Problem description =>
Below, find the line containing "My last 2 brain cells tried playing Civ 6" and the line containing "Calcitonin (Salmon) Raw"; reproduce exactly those two and every line between them, omitting pictures.

Data for analysis =>
::::
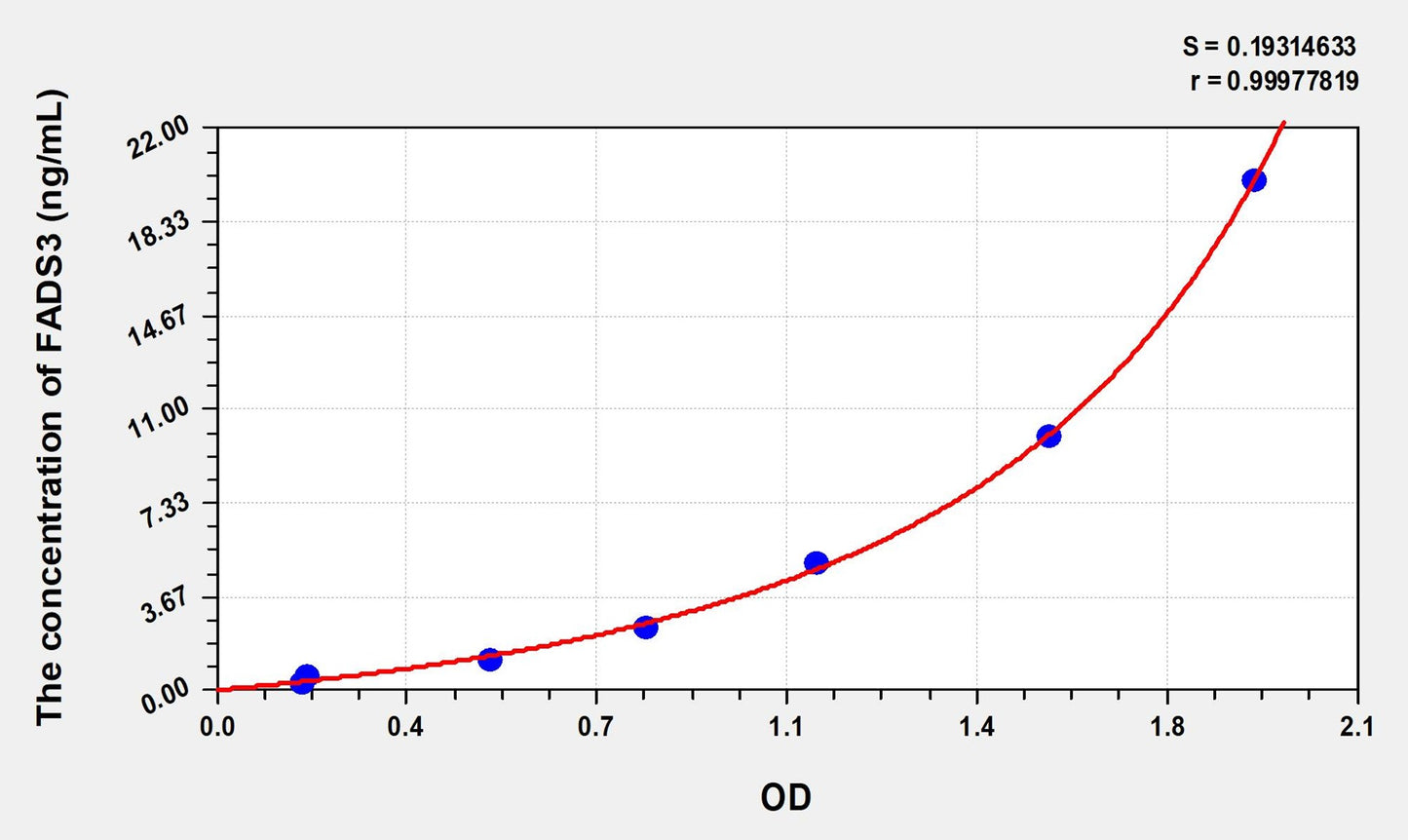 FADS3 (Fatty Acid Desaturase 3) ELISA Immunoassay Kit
::::
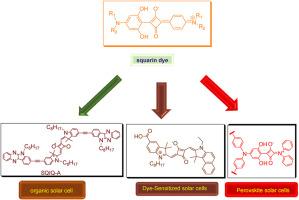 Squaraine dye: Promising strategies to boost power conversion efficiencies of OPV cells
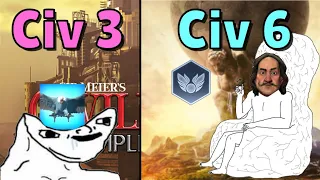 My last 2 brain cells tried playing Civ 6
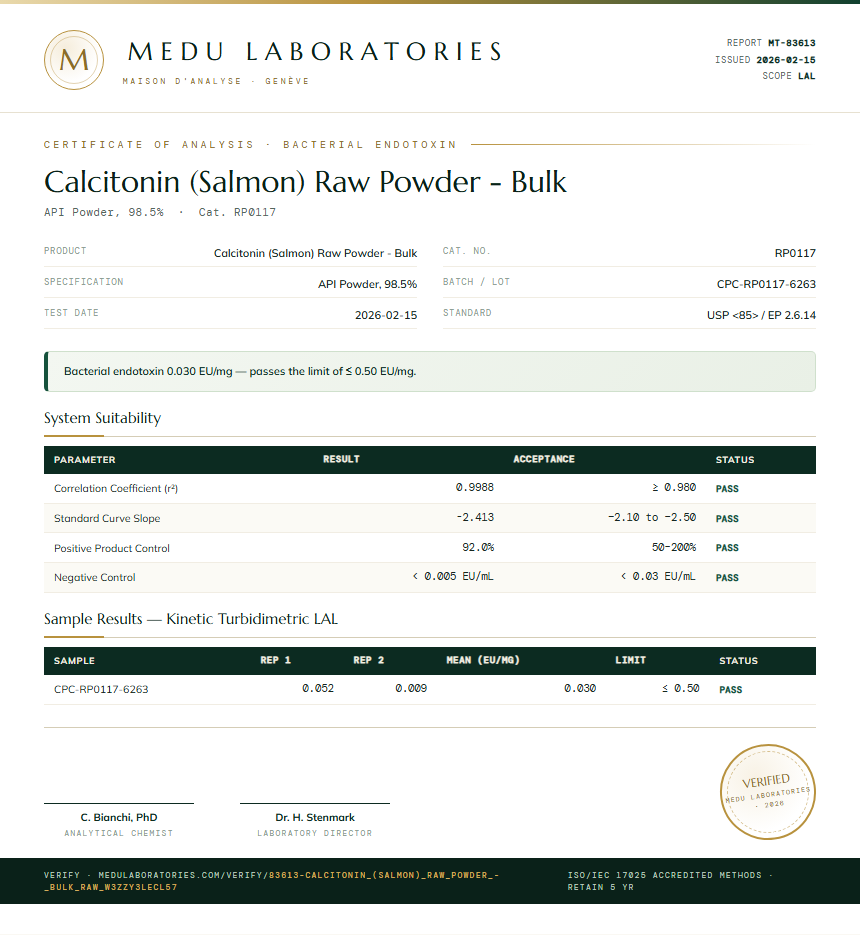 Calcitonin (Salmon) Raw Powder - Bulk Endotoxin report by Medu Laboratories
::::
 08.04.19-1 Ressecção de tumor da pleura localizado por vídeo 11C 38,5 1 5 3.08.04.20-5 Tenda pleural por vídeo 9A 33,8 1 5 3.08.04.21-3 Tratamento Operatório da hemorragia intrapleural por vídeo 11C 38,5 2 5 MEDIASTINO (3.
::::
Solution to the exercise =>
 My last 2 brain cells tried playing Civ 6
 Calcitonin (Salmon) Raw Powder - Bulk Endotoxin report by Medu Laboratories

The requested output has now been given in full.